David Luckes MBE

Personal information
- Born: 24 April 1969 (age 57) Newport, Monmouthshire, Wales

Sport
- Sport: Field hockey
- Position: Goalkeeper

Senior career
- Years: Team / Caps / Goals
- 1987–1999: East Grinstead / - / -
- 1999–2002: Surbiton / - / -

National team
- Years: Team / Caps / Goals
- 1989–2000: GB & England / 125 / -

Medal record
Men's field hockey
Representing England
Commonwealth Games
| Bronze medal – third place | 1998 Kuala Lumpur | Team |
European Championship
| Bronze medal – third place | 1995 Dublin | Team |
| Bronze medal – third place | 1999 Padua | Team |

= David Luckes =

British field hockey player (born 1969)

David James Luckes (born 24 April 1969) is a male former field hockey goalkeeper, who competed at three Olympic Games.Children:Lily Luckes, George Luckes, William Luckes, Aurèle Jago Luckes

== Biography ==
Luckes born in Newport and raised in Bridgwater, Somerset, was educated at Millfield and studied at Sussex University. He played club hockey for East Grinstead in the Men's England Hockey League from 1987, replacing Ian Taylor as the club's goalkeeper and was soon capped for the England U21 team.

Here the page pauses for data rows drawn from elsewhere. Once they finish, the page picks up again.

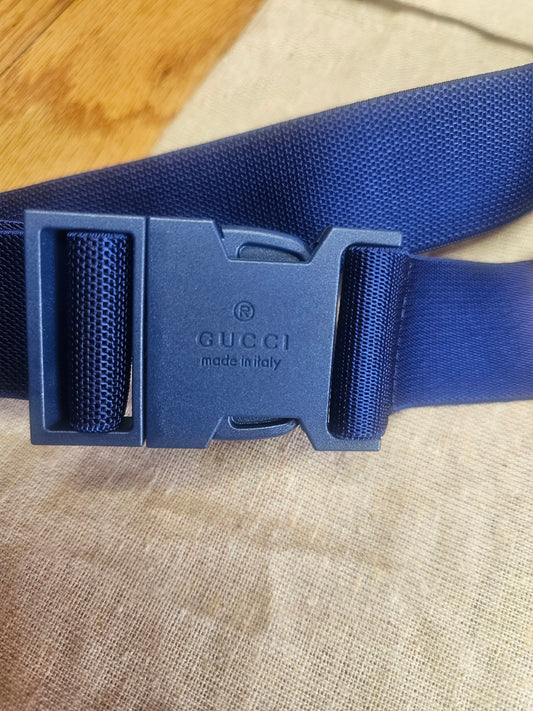 Actual Gucci Jetsons children's belt bag photo 2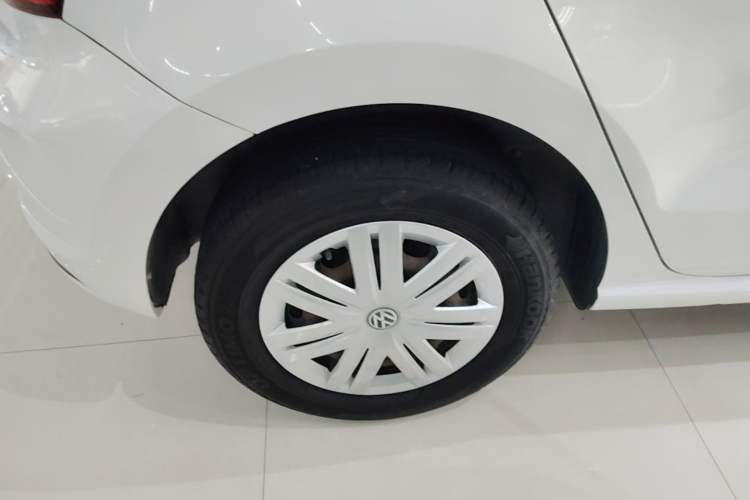 Used Volkswagen Polo 2014 1.4L Manual Fashion Edition Exterior 2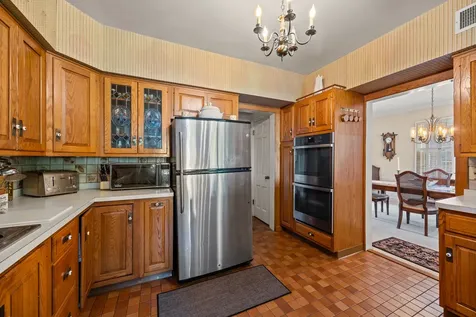731 Selborne Road Riverside IL 60546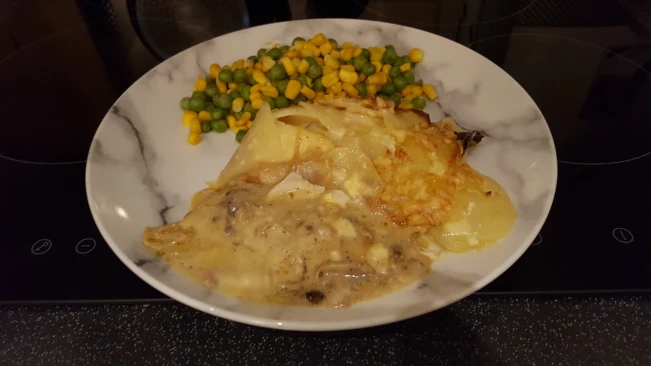 smoked haddock bacon bake with sweetcorn & peas smoked haddock bacon bake plated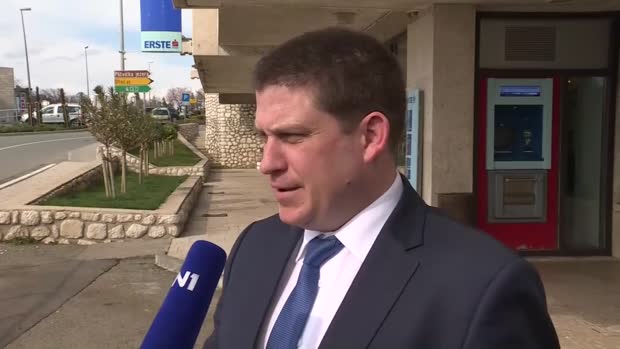 Ministar Butković u Ličko-senjskoj županiji službeno, a i stranački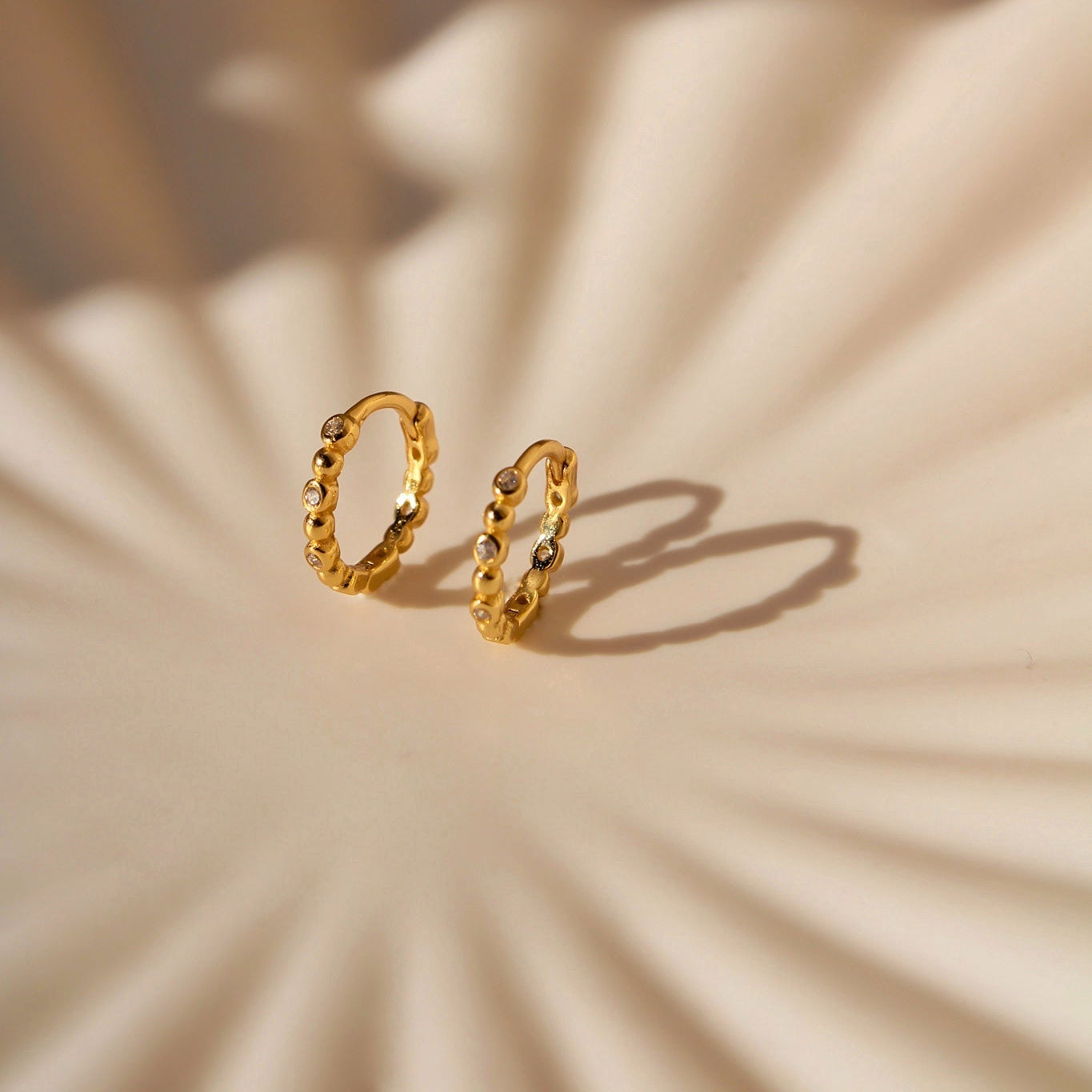 "Amelia" kleine Zirkonia Kügelchen Creolen Gold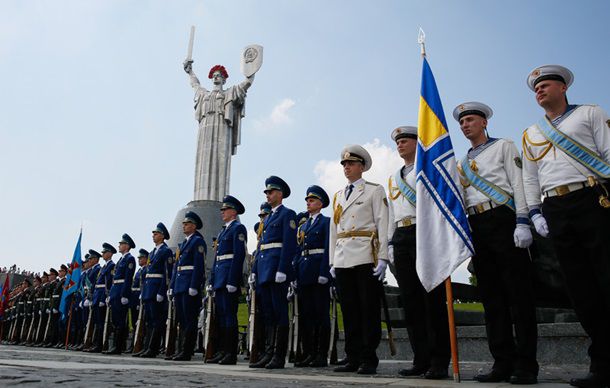 День Победы в Украине прошел без грубых правонарушений, говорит Деканоидзе.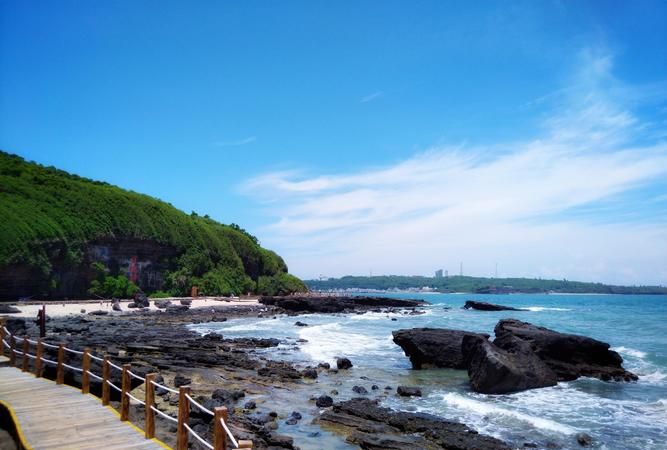 北海涠洲岛上有住宿,去涠洲岛的船票多少钱一张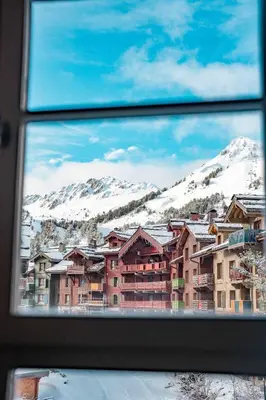 Vue générale sur la montagne ou vue sur la montagne depuis l'appartement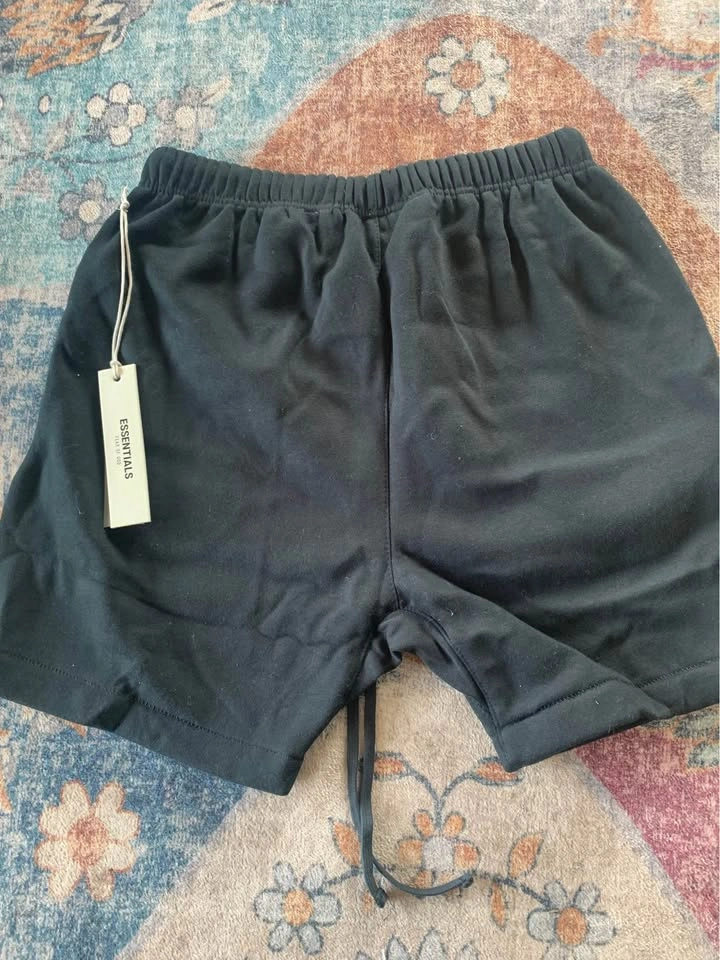 Brand New Fear of God Essentials Shorts Medium - Black - photo 2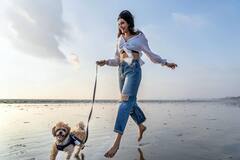 Karishma Tanna PHOTO: દરિયા કિનારે મસ્તી કરતી જોવા મળી કરિશ્મા તન્ના, તસવીરો થઈ વાયરલ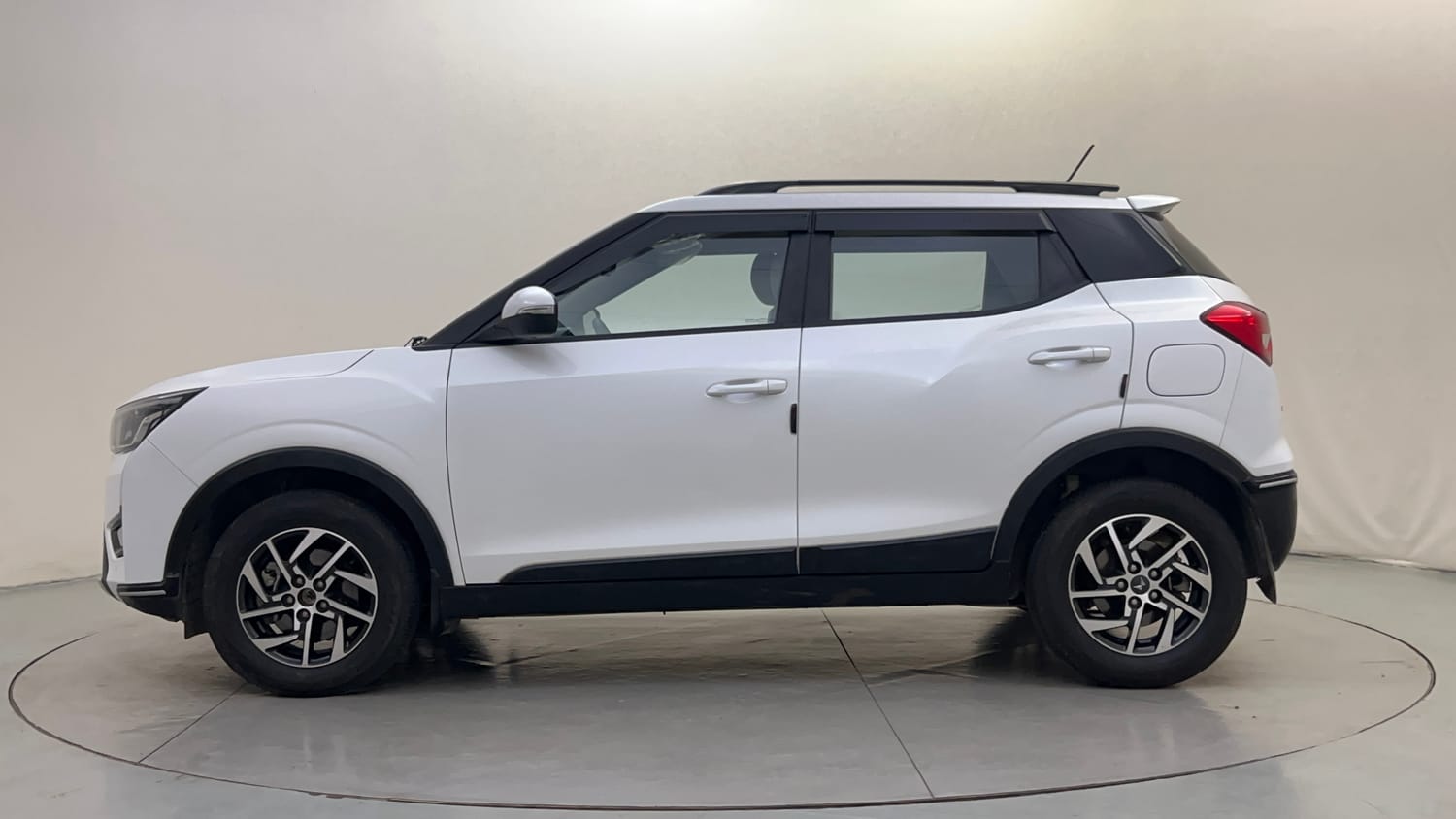 Used 2024 Mahindra XUV 300 W8 (O) 1.2 Petrol Petrol Manual exterior LEFT SIDE VIEW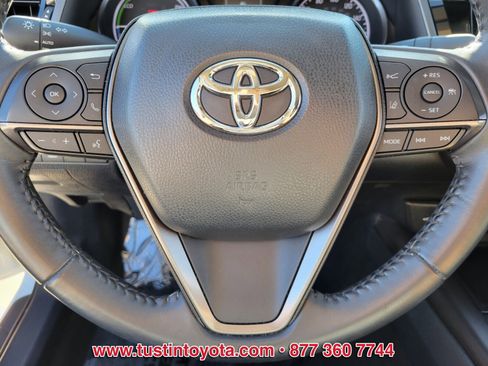 Certified 2021 Toyota Camry SE image 18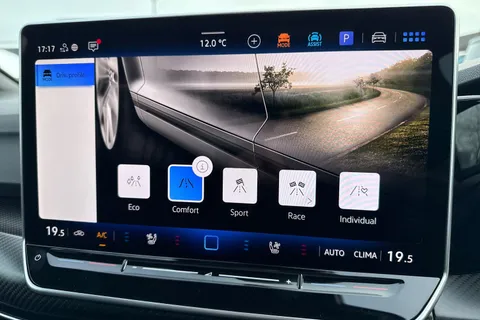 CY75AKO Volkswagen Golf 2.0 TSI 333 R Black Edition 4M 5dr DSG⭐Leather, Sunroof, DCC, Carbon dash⭐ Thumbnail #48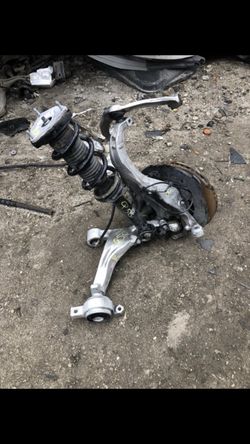 Infiniti Q50 suspension right availabile Rwd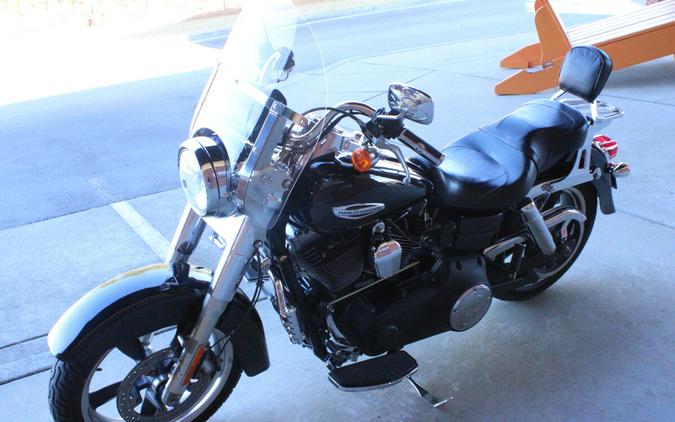 2014 Harley-Davidson® Switchback™ Blackened Cayenne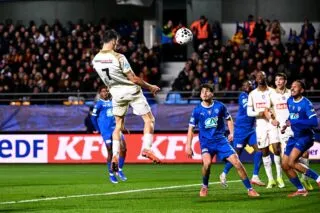 Lens écoeure Troyes et file en quarts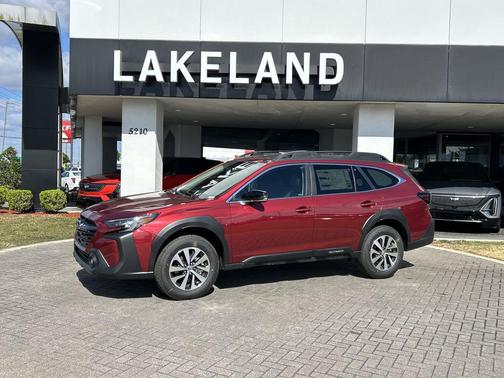 2025 Subaru Outback Premium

He made his England debut in 1989 and Great Britain debut during the June 1990 BMW Trophy tournament in Amsterdam. At the 1992 Olympic Games in Barcelona and the 1996 Olympics in Atlanta, he represented Great Britain at his first and second Olympics. He also played in the 1994 Men's Hockey World Cup and represented England and won a bronze medal in the men's hockey, at the 1998 Commonwealth Games in Kuala Lumpur and participated in the 1998 Men's Hockey World Cup.

After 12 years at East Grinstead he left to join Surbiton for the 1999/2000 season and it was at Surbtion that he made his final Olympic appearances in 2000.

He earned 125 caps for England and GB between 1989 and 2000. Towards the end of his career, he also played cricket to a high level.

He wrote the initial feasibility study for the UK 2012 Olympic bid and was in charge of Sport Competition for London Organising Committee. Formerly Director of Sport for International Hockey Federation in Switzerland, he is now associate director for Summer Olympic Sports and IF Relations at the International Olympic Committee.